Tekst van de dag Lichtwerk
Lezen: Exodus 25 : 31 – 40
Vrijdag 31 Juli 2020 Exodus 25 : 31 – 36
[1]U moet ook een kandelaar van zuiver goud maken. Als gedreven werk moet de kandelaar gemaakt worden, zijn schacht en zijn armen; zijn bloemkelken, zijn knoppen en zijn bloesems moeten er één geheel mee vormen. En zes armen moeten uit de zijkanten ervan uitsteken: drie armen van de kandelaar uit zijn ene kant, en drie armen van de kandelaar uit zijn andere kant. Drie bloemkelken in de vorm van amandelbloesem aan de ene arm, met knop en bloesem, en drie bloemkelken in de vorm van amandelbloesem aan de andere arm, met knop en bloesem. Zo moeten de zes armen worden die uit de kandelaar steken. En op de kandelaar zelf moeten vier bloemkelken komen in de vorm van amandelbloesem, met zijn knoppen en zijn bloesems. Er moet een knop komen onder het eerste paar armen dat eruit steekt, een knop onder het tweede paar armen dat eruit steekt, en een knop onder het derde paar armen dat eruit steekt. Zo moet het worden bij de zes armen die uit de kandelaar steken. Zijn knoppen en zijn armen moeten met de kandelaar één geheel vormen; het geheel moet één stuk gedreven werk van zuiver goud zijn.
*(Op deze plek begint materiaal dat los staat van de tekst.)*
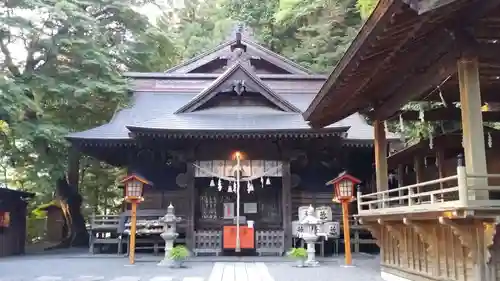 新倉富士浅間神社の本殿・本堂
(BGT) Je moet een kandelaar van zuiver goud maken. De kandelaar moet een voetstuk hebben en versierd worden met bloemen en knoppen. Hij moet zes armen hebben, drie aan de ene kant en drie aan de andere kant. Alles moet één geheel zijn. Elke arm moet versierd worden met drie bloemen van goud, met knoppen en bloemblaadjes. Aan de kandelaar zelf moeten vier bloemen komen, met knoppen en bloemblaadjes. Op de plek waar een arm uit de kandelaar komt, moet ook steeds een bloemknop komen. Dat geldt voor alle zes de armen. De hele kandelaar, met de armen en de bloemen, moet één geheel zijn. Alles moet van één stuk zuiver goud gemaakt worden.
Aantekening
Exodus 25 : 31 – 40 > De gouden kandelaar. De kandelaar (zie Exodus 37:17-24) is het tweede voorwerp in het heilig, net als andere in het heilige gemaakt van zuiver goud (Exodus 25:31). De kandelaar zorgde voor het licht binnen de tabernakel. De priesters moesten de lampen voortdurend brandende houden (zie Exodus 27:20-21; Leviticus 24:1-4). Uit de verfraaiing met bloemkelken, knoppen en bloesems blijkt dat de kandelaar een boom symboliseerde, namelijk de boom des levens uit de hof van Eden.